• [What the exercise asks]: An exact copy of every record is the required answer.

• [Entries shown]:
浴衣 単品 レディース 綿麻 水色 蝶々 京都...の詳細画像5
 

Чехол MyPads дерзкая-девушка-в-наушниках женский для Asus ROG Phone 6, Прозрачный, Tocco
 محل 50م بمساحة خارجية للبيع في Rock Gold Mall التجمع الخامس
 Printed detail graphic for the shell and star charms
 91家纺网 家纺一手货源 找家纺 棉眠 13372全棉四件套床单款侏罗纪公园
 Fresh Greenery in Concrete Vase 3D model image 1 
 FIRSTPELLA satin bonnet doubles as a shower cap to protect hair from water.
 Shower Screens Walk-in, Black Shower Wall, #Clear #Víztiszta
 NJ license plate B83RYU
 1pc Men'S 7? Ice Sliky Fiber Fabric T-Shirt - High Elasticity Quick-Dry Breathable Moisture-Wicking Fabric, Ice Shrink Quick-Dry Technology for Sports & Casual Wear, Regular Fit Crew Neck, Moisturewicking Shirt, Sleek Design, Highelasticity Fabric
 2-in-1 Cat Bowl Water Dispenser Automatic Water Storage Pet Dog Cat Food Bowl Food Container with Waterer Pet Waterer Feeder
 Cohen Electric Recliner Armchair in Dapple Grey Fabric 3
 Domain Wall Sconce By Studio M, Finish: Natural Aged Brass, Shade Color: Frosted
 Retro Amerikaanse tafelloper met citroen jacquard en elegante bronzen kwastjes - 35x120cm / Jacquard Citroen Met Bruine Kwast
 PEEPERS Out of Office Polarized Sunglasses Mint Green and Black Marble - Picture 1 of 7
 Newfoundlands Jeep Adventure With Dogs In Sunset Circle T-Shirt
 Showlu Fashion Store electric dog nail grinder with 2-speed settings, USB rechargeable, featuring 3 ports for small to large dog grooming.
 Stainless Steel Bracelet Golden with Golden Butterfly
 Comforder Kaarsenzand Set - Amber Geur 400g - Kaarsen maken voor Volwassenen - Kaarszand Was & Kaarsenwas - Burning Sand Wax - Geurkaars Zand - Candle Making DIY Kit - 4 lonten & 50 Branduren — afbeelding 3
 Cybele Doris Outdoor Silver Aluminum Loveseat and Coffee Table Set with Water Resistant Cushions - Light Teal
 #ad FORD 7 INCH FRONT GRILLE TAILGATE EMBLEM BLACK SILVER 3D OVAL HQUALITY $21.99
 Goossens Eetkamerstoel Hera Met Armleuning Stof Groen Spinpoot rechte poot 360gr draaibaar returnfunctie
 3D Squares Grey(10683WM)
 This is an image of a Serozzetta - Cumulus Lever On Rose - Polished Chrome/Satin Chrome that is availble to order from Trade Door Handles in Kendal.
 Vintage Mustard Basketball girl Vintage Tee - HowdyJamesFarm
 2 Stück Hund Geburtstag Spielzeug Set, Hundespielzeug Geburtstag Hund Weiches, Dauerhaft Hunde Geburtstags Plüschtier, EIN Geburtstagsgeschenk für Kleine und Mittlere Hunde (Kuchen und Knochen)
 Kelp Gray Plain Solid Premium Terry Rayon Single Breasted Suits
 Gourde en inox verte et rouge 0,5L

• [Expected answer]:
浴衣 単品 レディース 綿麻 水色 蝶々 京都...の詳細画像5
 

Чехол MyPads дерзкая-девушка-в-наушниках женский для Asus ROG Phone 6, Прозрачный, Tocco
 محل 50م بمساحة خارجية للبيع في Rock Gold Mall التجمع الخامس
 Printed detail graphic for the shell and star charms
 91家纺网 家纺一手货源 找家纺 棉眠 13372全棉四件套床单款侏罗纪公园
 Fresh Greenery in Concrete Vase 3D model image 1 
 FIRSTPELLA satin bonnet doubles as a shower cap to protect hair from water.
 Shower Screens Walk-in, Black Shower Wall, #Clear #Víztiszta
 NJ license plate B83RYU
 1pc Men'S 7? Ice Sliky Fiber Fabric T-Shirt - High Elasticity Quick-Dry Breathable Moisture-Wicking Fabric, Ice Shrink Quick-Dry Technology for Sports & Casual Wear, Regular Fit Crew Neck, Moisturewicking Shirt, Sleek Design, Highelasticity Fabric
 2-in-1 Cat Bowl Water Dispenser Automatic Water Storage Pet Dog Cat Food Bowl Food Container with Waterer Pet Waterer Feeder
 Cohen Electric Recliner Armchair in Dapple Grey Fabric 3
 Domain Wall Sconce By Studio M, Finish: Natural Aged Brass, Shade Color: Frosted
 Retro Amerikaanse tafelloper met citroen jacquard en elegante bronzen kwastjes - 35x120cm / Jacquard Citroen Met Bruine Kwast
 PEEPERS Out of Office Polarized Sunglasses Mint Green and Black Marble - Picture 1 of 7
 Newfoundlands Jeep Adventure With Dogs In Sunset Circle T-Shirt
 Showlu Fashion Store electric dog nail grinder with 2-speed settings, USB rechargeable, featuring 3 ports for small to large dog grooming.
 Stainless Steel Bracelet Golden with Golden Butterfly
 Comforder Kaarsenzand Set - Amber Geur 400g - Kaarsen maken voor Volwassenen - Kaarszand Was & Kaarsenwas - Burning Sand Wax - Geurkaars Zand - Candle Making DIY Kit - 4 lonten & 50 Branduren — afbeelding 3
 Cybele Doris Outdoor Silver Aluminum Loveseat and Coffee Table Set with Water Resistant Cushions - Light Teal
 #ad FORD 7 INCH FRONT GRILLE TAILGATE EMBLEM BLACK SILVER 3D OVAL HQUALITY $21.99
 Goossens Eetkamerstoel Hera Met Armleuning Stof Groen Spinpoot rechte poot 360gr draaibaar returnfunctie
 3D Squares Grey(10683WM)
 This is an image of a Serozzetta - Cumulus Lever On Rose - Polished Chrome/Satin Chrome that is availble to order from Trade Door Handles in Kendal.
 Vintage Mustard Basketball girl Vintage Tee - HowdyJamesFarm
 2 Stück Hund Geburtstag Spielzeug Set, Hundespielzeug Geburtstag Hund Weiches, Dauerhaft Hunde Geburtstags Plüschtier, EIN Geburtstagsgeschenk für Kleine und Mittlere Hunde (Kuchen und Knochen)
 Kelp Gray Plain Solid Premium Terry Rayon Single Breasted Suits
 Gourde en inox verte et rouge 0,5L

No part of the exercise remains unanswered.